Advances in a Collaborative Robotic System for Field Phenotyping of
Reflectance and Canopy Temperature Depression from a UAV
Abstract
An autonomous mobile ground-control point (AMGCP) was redesigned and
refined for improved collaborative operation with an unmanned aerial
vehicle (UAV) to enable calibration of image mosaics from multispectral
(MS) and thermal cameras. The AMGCP has built-in reflectance panels and
electronically controlled thermal panels that provide high and low
reflectance and temperature references that can be used for calibration
of reflectance measurements in MS images and temperature measurements in
thermal-infrared images. The AMGCP also has an onboard temperature
sensor that enables image-based temperature measurements to be compared
to ambient temperature so that canopy temperature depression (CTD) can
be calculated. The collaborative robotic system consists of the AMGCP
and a UAV that have real-time kinematic (RTK) geographic positioning
system (GPS) receivers onboard so their precise position can be
determined in real time.
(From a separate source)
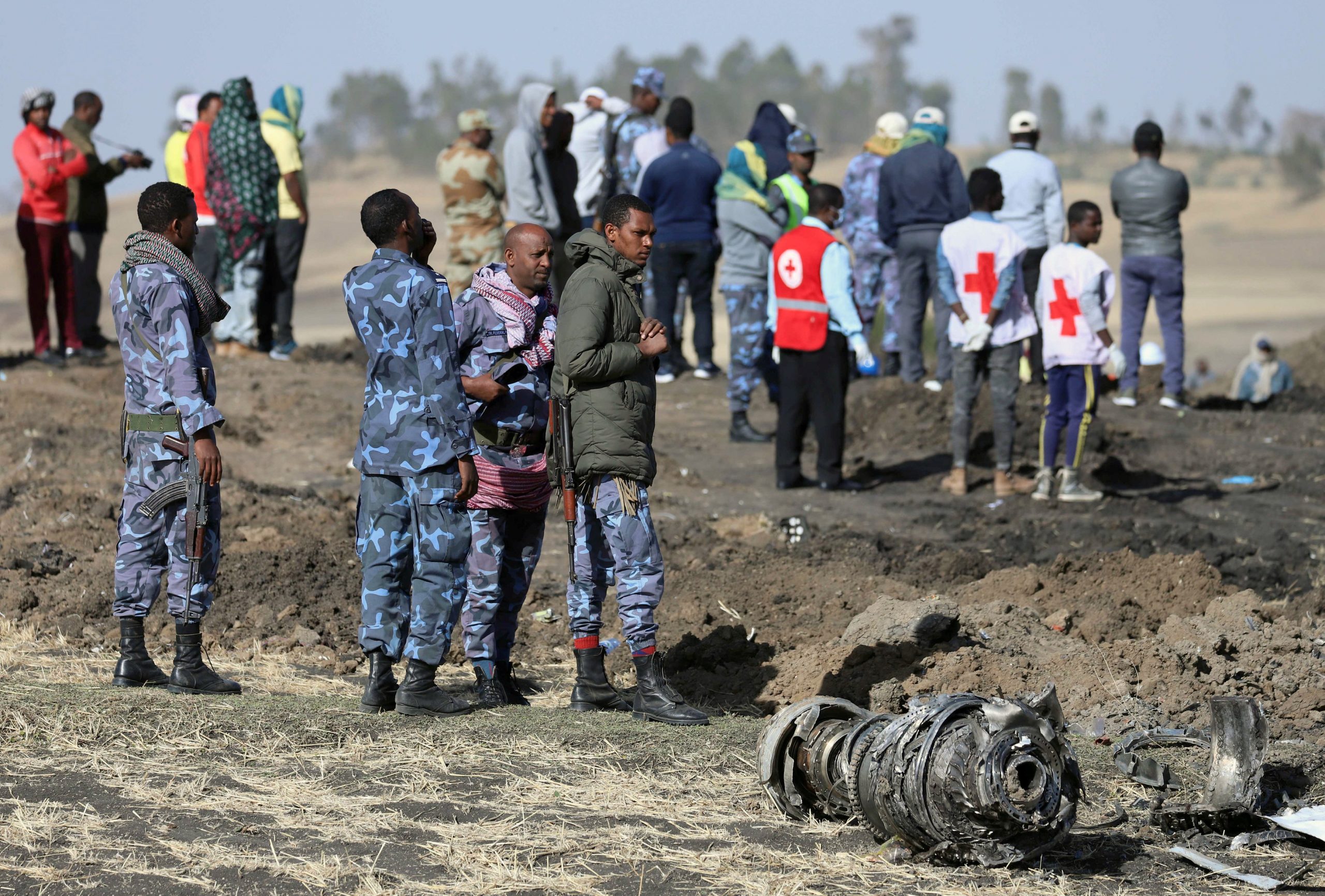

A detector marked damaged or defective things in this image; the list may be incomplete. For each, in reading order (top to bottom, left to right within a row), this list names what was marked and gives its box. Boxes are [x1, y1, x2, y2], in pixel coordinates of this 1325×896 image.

burnt metal debris [763, 684, 1081, 869]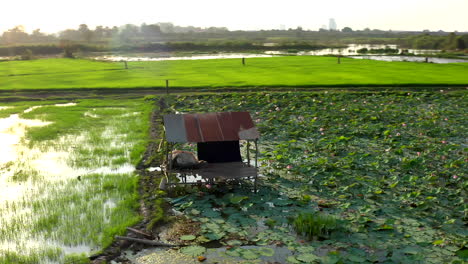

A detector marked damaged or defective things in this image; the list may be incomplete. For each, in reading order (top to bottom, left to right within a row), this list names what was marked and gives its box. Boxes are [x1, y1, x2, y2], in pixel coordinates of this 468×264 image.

The system also includes wireless communication
capability between the AMGCP and UAV so they can transmit their position
and other data to each other during a mission, in which the AMGCP
positions itself at multiple locations under the flight path of the UAV,
providing multiple instances of reflectance and temperature references
in image mosaics collected by the UAV. Testing has shown that
reflectance measurements can be calibrated to less than 1% reflectance
error, and canopy temperatures of crop plants can be calibrated to
within 1.0 C, enabling consistently accurate measurements to be made
efficiently and without human intervention in various fields and regions
and at different times and dates. This system is also suited to accurate
measurement of CTD to facilitate genetic selection relative to various
stresses and resilience characteristics like drought tolerance.